Wednesday, January 5, 2011

Prove your assumptions, but remember Murphy was an optimist

Continuing on my unremarkable coding task, having gotten it to work, it was now time to clean up the code.

Given the large load expected, I couldn't allocate a new direct ByteBuffer for every piece of data I wanted to handle. But code that accepts a ByteBuffer is equivalent to code that accepts a byte array, a starting offset and a length (or a limit), right? So I just set the position and the limit on the boundaries of the data and I'm good to go.

Now I ran into some of my own previous assumptions. Luckily, the failure resulted in a log message that made it clear where something was going wrong. It was one of those places where a deviation from the happy path either cannot happen, should not happen or we didn't really care too much. A place where I used to code an empty block "{}", or when I was feeling diligent, with a comment "{/*cannot happen*/}". Now I'll code it as "{throw new AssertionError("Cannot happen.");}" or at least "{LOG.fine("Don't care.");}".

Anyway, a quick analysis showed a likely cause. I say likely, because it's an assumption until proven. I wrote a quick unit test that failed, fixed the code and the test passed. But the program still failed, with the same log message as before. Imagine what I might have been doing if I hadn't proven the failure and the fix with the unit test, I'd still be staring at the same place and possibly ripping my code to shreds in desperation. Now I could immediately move on and fix the second error.

OK, on a roll now, all assumptions proven by assertions, I'm just about done. Except that the code still doesn't work and no sign of why. Murphy's law in full action.

Finally I find it. There's a trap in ExecutorService. What's the difference between calling "execute(Runnable)" versus "submit(Runnable)"? Nothing much, when the code works. But "submit(Runnable)" should have a big red warning sticker. It returns a Future, with no result. You don't bother to "get()" nothing. The devastating side-effect is that all exceptions get preserved until "get()" is called, so this is a hidden equivalent of "catch(Exception e){}". Next task: change this everywhere and add a rule to FindBugs.

Saturday, January 1, 2011

Your assumptions are dangerous, you know too much.

I have just completed a rather unremarkable piece of code. The system was designed to allow this type of addition, so it just took a couple of hours or three to write the code and touch up the parts to selectively enable the functionality by user.

Then a colleague and I spent two days debugging. We hacked around issue after issue, just to prove basic workability before trying to solve the issues.
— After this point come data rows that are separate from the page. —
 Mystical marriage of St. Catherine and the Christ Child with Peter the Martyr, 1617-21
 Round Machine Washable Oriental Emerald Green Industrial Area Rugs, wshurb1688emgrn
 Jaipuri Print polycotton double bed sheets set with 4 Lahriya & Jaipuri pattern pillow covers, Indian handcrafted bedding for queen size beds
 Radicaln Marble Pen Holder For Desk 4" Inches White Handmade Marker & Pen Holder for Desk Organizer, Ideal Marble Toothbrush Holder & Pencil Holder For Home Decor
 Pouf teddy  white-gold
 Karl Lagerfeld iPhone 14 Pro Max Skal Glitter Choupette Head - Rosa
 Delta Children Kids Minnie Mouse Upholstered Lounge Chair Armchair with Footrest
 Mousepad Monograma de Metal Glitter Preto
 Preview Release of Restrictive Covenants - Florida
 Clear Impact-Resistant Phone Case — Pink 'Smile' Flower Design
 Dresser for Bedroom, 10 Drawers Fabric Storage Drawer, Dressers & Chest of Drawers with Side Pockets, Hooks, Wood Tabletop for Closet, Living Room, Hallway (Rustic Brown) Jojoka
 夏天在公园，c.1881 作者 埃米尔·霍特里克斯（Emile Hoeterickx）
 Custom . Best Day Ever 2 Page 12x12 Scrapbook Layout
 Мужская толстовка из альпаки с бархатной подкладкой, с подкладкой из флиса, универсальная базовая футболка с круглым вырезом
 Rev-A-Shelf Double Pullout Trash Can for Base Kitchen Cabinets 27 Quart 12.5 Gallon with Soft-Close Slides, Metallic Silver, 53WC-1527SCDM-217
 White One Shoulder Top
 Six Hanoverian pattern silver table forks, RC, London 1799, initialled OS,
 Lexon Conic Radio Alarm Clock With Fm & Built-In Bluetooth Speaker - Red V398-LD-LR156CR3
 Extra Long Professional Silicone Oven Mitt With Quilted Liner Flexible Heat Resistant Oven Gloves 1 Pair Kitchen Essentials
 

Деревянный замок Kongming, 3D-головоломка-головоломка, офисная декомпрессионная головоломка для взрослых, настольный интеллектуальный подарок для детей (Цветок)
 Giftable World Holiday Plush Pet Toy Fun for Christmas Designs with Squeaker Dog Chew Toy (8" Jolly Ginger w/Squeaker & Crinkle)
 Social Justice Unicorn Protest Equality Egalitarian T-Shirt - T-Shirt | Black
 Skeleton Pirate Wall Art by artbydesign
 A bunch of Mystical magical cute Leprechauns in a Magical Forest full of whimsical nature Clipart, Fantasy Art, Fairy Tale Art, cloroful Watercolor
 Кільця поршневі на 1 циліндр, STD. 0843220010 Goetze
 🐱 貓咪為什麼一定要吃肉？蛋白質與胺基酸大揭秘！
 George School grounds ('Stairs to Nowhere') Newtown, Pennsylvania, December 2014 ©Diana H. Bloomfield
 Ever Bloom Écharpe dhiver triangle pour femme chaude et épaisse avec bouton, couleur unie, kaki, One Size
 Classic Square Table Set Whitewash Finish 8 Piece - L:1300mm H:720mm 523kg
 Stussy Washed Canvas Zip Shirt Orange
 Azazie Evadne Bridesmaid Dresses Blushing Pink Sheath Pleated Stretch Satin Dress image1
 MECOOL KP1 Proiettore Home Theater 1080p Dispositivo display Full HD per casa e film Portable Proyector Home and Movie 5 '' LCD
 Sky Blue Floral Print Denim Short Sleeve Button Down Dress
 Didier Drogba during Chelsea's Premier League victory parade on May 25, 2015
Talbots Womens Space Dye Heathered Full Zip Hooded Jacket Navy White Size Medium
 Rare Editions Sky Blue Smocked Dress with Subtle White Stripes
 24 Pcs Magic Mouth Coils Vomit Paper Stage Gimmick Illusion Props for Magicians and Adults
The final obstacle was that our socket channel was not being selected for reading on the selector. So I hacked around that by creating a new thread to loop infinitely around reading the channel. Which made things work fine up to the point where actual data was coming in and the server blew up with a segmentation fault.

After reflecting while travelling on the bus home, I remembered that perhaps our JNI code needed a direct byte buffer, with data starting at position 0 and the whole backing array available for use. Inconvenient in this case, but another little hack and everything worked like a charm.

Back to the previous question: why no reads? Perhaps my server socket in non-blocking mode actually returned a socket configured for blocking mode instead of for non-blocking mode? It did, and explicitly setting it to non-blocking fixed it.

As I backtracked through the issues, it struck me that every single problem we'd run into had to do with assumptions.

I could of course have checked my assumption about the blocking mode. But I also have another assumption, which is more valid: incorrect usage of an API should not fail silently. This turns out to be correct, because a SelectableChannel throws an IllegalBlockingModeException.

Unfortunately, the "helper" framework that we have in place inadvertently masked that by running the register call in a FutureTask that had a boolean "success" return value that nobody had found the need to check, because "true" was the only possibility. Well, that is, assuming no exceptions are thrown.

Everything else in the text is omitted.